• _REQUIRED ACTION_
Reproduce exactly the final portion of the data: every line from the one containing "Burritos to Go: Score" through the last line, inclusive.

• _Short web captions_
————

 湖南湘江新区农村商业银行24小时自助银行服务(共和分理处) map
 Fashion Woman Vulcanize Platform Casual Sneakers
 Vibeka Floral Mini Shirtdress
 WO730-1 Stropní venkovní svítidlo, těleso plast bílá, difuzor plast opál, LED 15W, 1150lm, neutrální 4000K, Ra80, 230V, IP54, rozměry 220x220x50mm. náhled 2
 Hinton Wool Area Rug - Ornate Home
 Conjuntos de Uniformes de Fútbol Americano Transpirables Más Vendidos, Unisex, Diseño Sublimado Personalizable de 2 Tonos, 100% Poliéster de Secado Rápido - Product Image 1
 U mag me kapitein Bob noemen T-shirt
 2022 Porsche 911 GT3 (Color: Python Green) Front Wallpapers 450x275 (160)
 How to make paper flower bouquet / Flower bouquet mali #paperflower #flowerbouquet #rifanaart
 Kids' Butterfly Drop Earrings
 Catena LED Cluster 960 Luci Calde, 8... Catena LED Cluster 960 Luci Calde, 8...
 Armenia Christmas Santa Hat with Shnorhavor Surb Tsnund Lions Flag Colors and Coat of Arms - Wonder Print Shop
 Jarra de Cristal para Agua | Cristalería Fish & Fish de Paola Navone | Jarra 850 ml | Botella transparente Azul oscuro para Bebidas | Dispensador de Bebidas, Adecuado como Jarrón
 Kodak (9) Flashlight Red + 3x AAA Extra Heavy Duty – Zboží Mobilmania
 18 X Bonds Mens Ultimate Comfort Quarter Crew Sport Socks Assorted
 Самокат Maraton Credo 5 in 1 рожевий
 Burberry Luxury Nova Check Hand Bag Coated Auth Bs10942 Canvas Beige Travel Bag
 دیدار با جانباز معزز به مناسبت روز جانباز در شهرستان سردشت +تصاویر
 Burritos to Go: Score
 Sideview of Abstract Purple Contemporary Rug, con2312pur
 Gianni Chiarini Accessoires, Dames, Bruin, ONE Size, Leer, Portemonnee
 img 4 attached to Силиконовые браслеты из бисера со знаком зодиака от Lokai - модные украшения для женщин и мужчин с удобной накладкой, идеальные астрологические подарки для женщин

————

• _SOLUTION TO THIS PROBLEM_
 Burritos to Go: Score
 Sideview of Abstract Purple Contemporary Rug, con2312pur
 Gianni Chiarini Accessoires, Dames, Bruin, ONE Size, Leer, Portemonnee
 img 4 attached to Силиконовые браслеты из бисера со знаком зодиака от Lokai - модные украшения для женщин и мужчин с удобной накладкой, идеальные астрологические подарки для женщин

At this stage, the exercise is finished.